Question: Après une période d’observation, comment se présente l’INSEED aujourd’hui?
M.A: Il convient d’abord d’indiquer que depuis sa création, les comptes de l’INSEED ne sont pas visités pour plusieurs raisons citées ci-haut. Ainsi depuis l’année 2023, la Direction générale s’est mise à pied d’œuvre pour la mobilisation de nos autorités sur la nécessité de mettre en place les organes juridiques pour faire évoluer ce domaine transversal qui est la production des statistiques officielles du pays, mais surtout pour amener l’INSEED sur la voie de la « maturité de vie ». Ces actions stratégiques auxquelles la Direction devrait continuer à s’engager permettront de le remettre au travail, de rassurer le personnel, de rassurer les partenaires nationaux et internationaux, de rassurer les utilisateurs et les clients, rassurer l’Etat et d’inspirer confiance.
Il nous fallait rétablir les textes fondamentaux, les règles de gestion et les conditions de crédibilité de notre institution tant voulue par nos acteurs du système statistique national que recommandée par nos partenaires techniques et financières. Vous savez qu’un établissement comme l’INSEED qui a une autonomie de gestion administrative avec près de dix ans d’exercices non resolutionnés par un conseil d’administration, avec des politiques stratégiques non validées par un Conseil national de la statistique n’est pas crédible. La mise en place de ces organes stratégiques par notre Gouvernement marquera le début de l’INSEED dans l’arène nationale et internationale des Etablissements crédibles, avec qui l’on peut contracter et s’appuyer.
Question: Quelles sont les prioritaires du Système Statistique National (SSN) en général et pour l’INSEED en particulier?
M.A: Dès ma prise de fonction, j’ai entamé une tournée de prise de contact pour rencontrer et écouter les cadres de nos principales parties prenantes du système statistique national, y compris les partenaires techniques, les unités de gestion et le personnel, et leur confirmer mon engagement et ma volonté de mener à bien ma mission de directeur technique. Au terme de cette première phase, j’ai pu identifier six initiatives prioritaires à mettre en œuvre au sein de l’Institut de manière bien entendu urgente à savoir: accélération de la mise en place d’un nouvel organe décisionnel de l’Institut, établissement d’un cadre organique cohérent propre à l’Institut, révision du Plan Stratégique Stratégie Nationale de Développement de la Statistique (SNDS), accélération d’un Plan de travail cohérent pour l’Institut, et enfin accélération d’un Plan de formation et renforcement des capacités pour l’Institut. Sachant que, de nombreuses initiatives ont déjà été prises et des actions sont en ce moment en cours pour relever l’Institut. Ce que nous attendons de l’Etat, c’est de faire adopter les textes d’application relatifs à la mise en place des organes politico-stratégique de l’Institut soumis au Gouvernement ; que le secteur soit enfin règlementé.
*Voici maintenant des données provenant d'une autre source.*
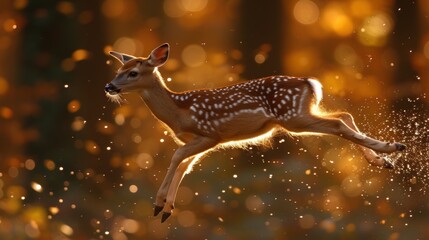a small deer jumping in the air with it's front legs spread out and it's eyes open.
Question: Pour les utilisateurs qui ont des besoins croissants en termes de données statistiques, que pouvez-vous dire pour les rassurer, les mettre en confiance voire les remobiliser?
M.A: Merci pour cette question qui me paraît très pertinente. Effectivement pour qui a suivi l’actualité nationale sur les états généraux sur les domaines de la statistique en 2022, a pu se rendre compte de l’importance des données statistiques en matière de planification et de suivi du progrès de développement dans le pays. Mais qui pouvait prédire qu’on pouvait porter nos priorités urgentes sur le projet d’établissement des organes stratégiques, des instruments de gestion, d’une SNDS du pays, jusqu’à en envisager un agenda de la première réunion de Conseil National de la Statistique du SSN (Système Statistique National). Tout ceci pour dire aux utilisateurs que leur établissement est désormais fiable et viable. C’est dire aux utilisateurs qu’ils n’ont plus de souci à se faire sur ce qui est de l’avenir de l’Institut.